Some Men is cast shrewdly with nine actors who can sing and move, and everyone in the cast has at least one moment to shine. Michael McElroy does the Rodgers & Hart as Angel Eyes, Don Amendolia channels Merman in the Stonewall scene, and Randy Redd is the dependable piano man in segment after segment. Jesse Hooker, Pedro Pascal, and Frederick Weller do excellent work in a variety of roles each. Kelly AuCoin anchors the play beautifully as Bernie, with Romain Frugé delivering a tender but unsentimental performance as his long-term partner Carl.
The play has been staged with great care and intelligence by director Trip Cullman, and mounted lovingly by Second Stage Theatre, featuring a spare, elegant, and supremely versatile set by Mark Wendland, effective lighting by Kevin Adams, lots of terrifically appropriate costumes by Linda Cho, and an engaging soundscore by John Gromada.
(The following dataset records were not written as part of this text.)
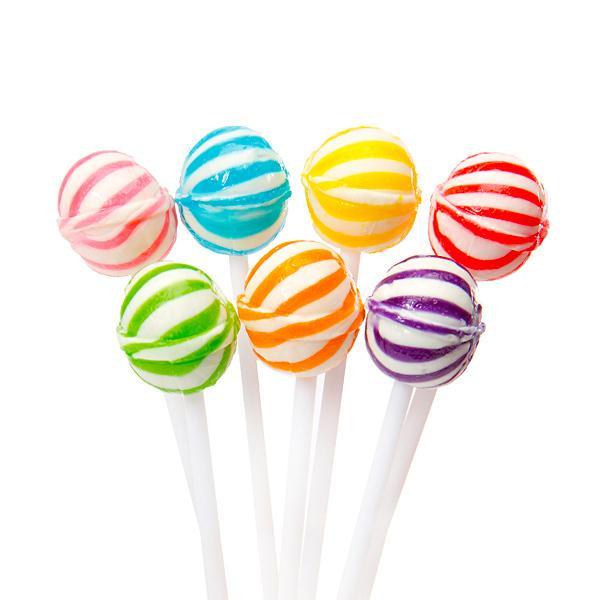 Body Part Lollipops - Assorted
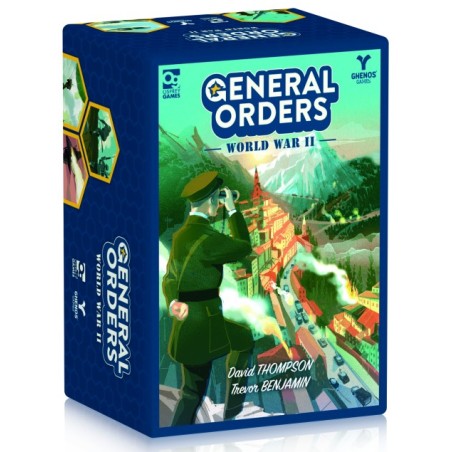GENERAL ORDERS - WORLD WAR II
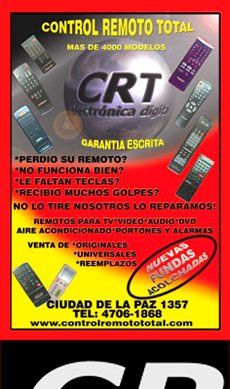 Control remoto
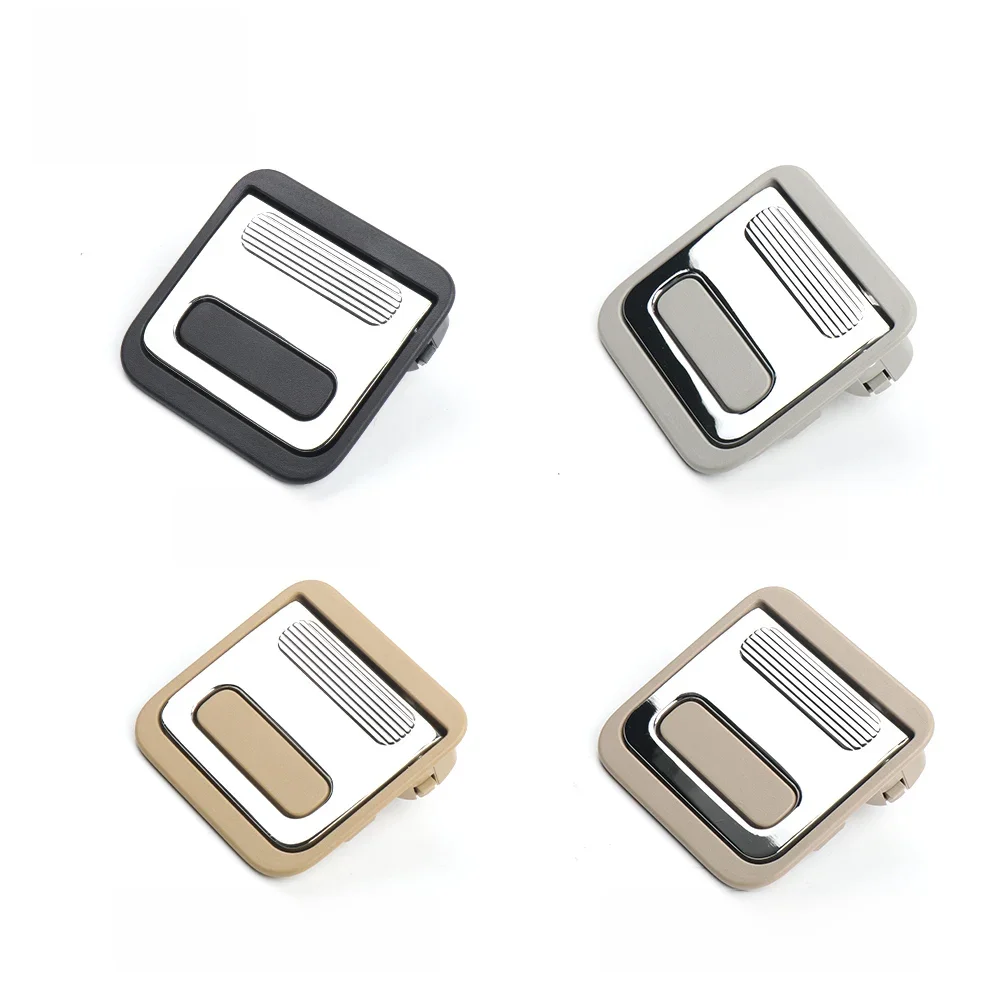 Couverture de queue de coffre de voiture, plaque astronomique, polymères, tapis de sol, poignée pour Mercedes Benz ML, classe GL, W164, X164, classe R, Wsplead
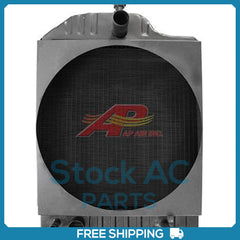 New Radiator for White OE# 303348091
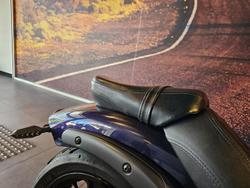 2015 Kawasaki Vulcan S ABS (EN650) Vulcan S Purple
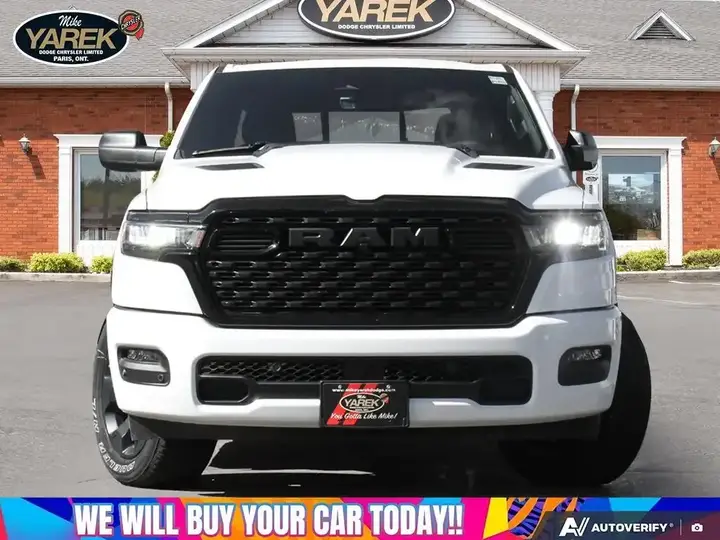 Ram 1500 2026 photo 2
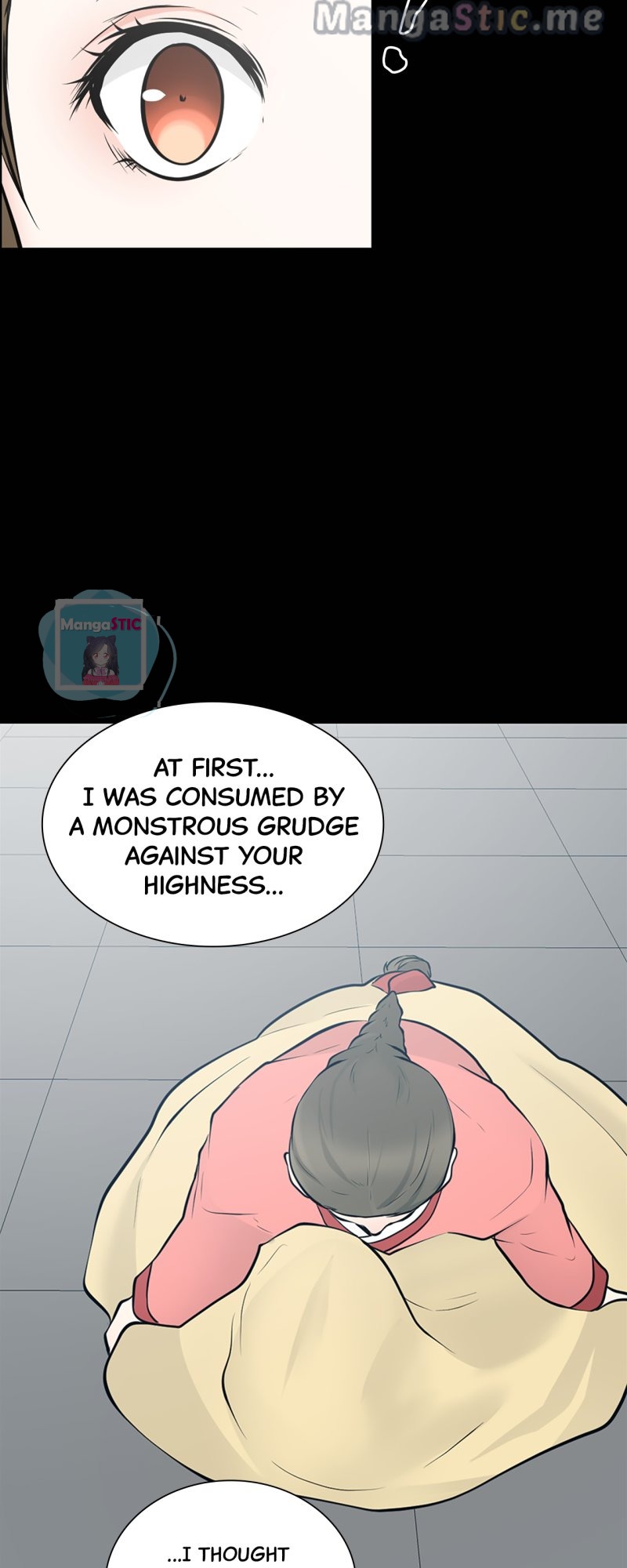 The Scandalous Secret of the Crown Princess Chapter 83 - page 52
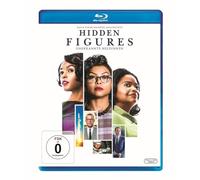 Various - Hidden Figures - Unerkannte Heldinnen [Blu-ray] [2016] [Region A & B & C]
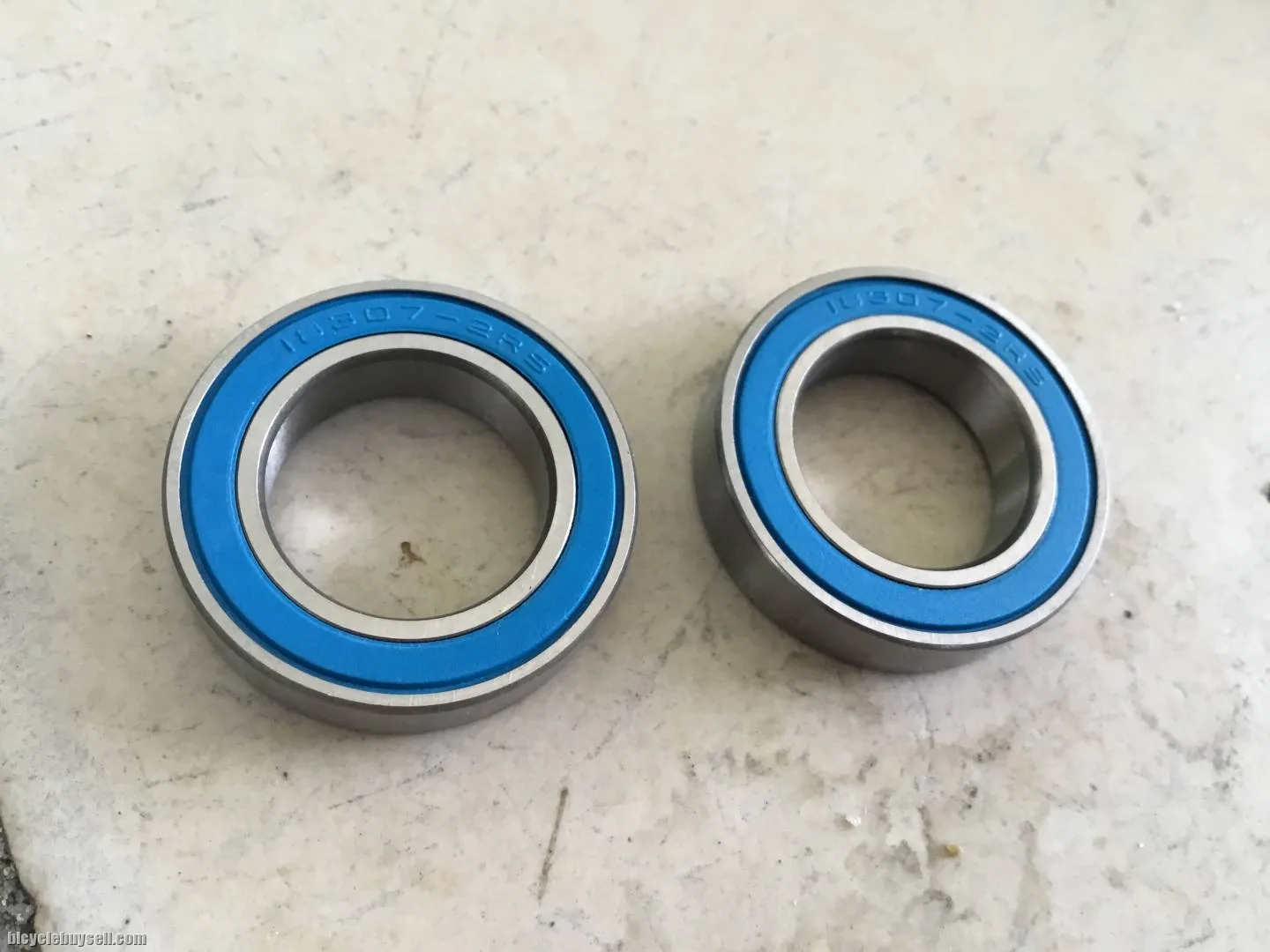 Fulcrum Hub Ceramic Bearing 61903/18307-2RS 1pcs -- free courier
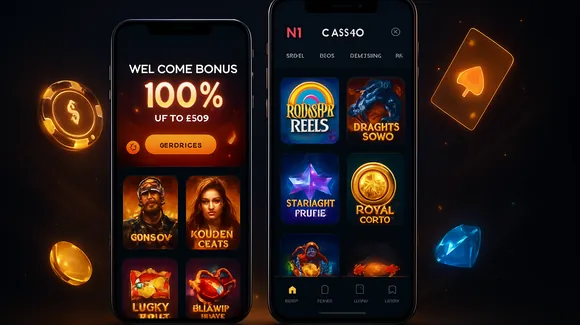 N1 Casino Mobile App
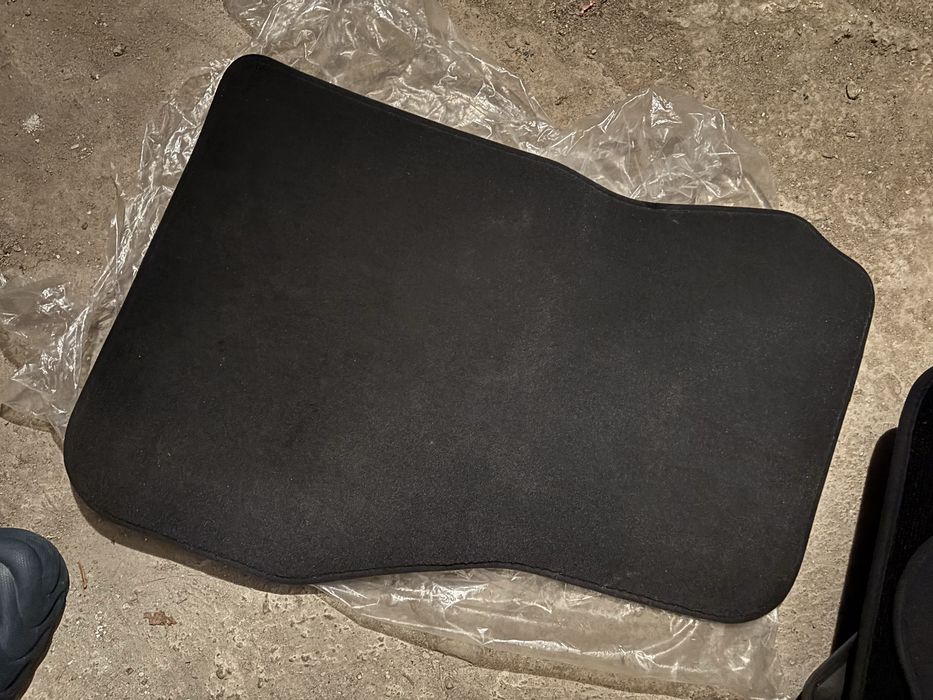 Covorase auto mocheta/cauciuc originale BMW
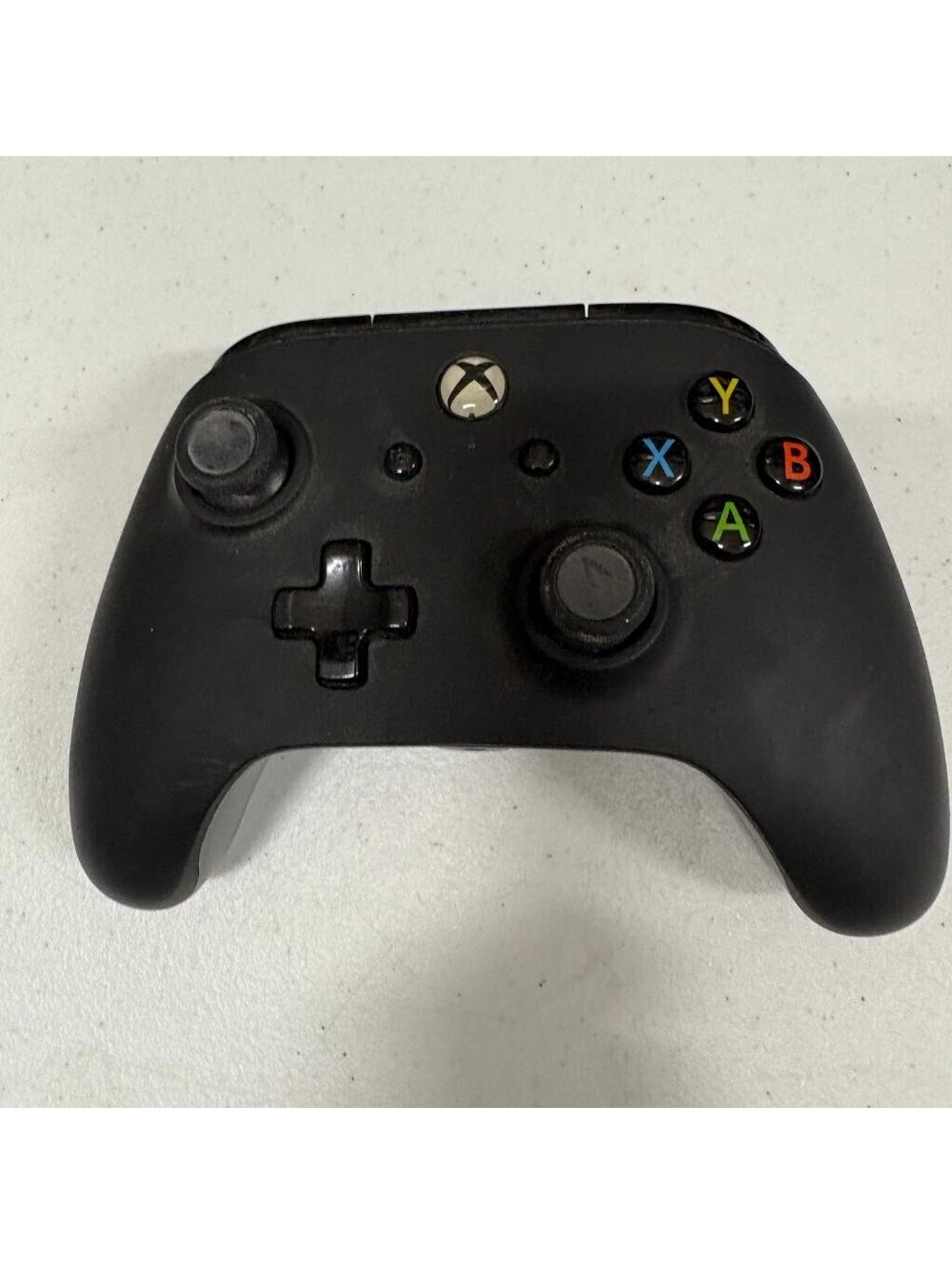 PowerA Wired Controller for Xbox One Series X S Black Model 1505660-03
But it's McNally's truthfulness and wisdom that makes Some Men feel so essential and human. This is a play with neither a chip on its shoulder nor its heart on its sleeve; it's funny and sad and playful and romantic and sexy; it's not political and it's not graphically in-your-face. (It is campy; it has to be.) It is, finally, about what it means to be a gay man, which takes in what it means to be gay and what it means to be a man: it's as epic and as intimate as that mission requires.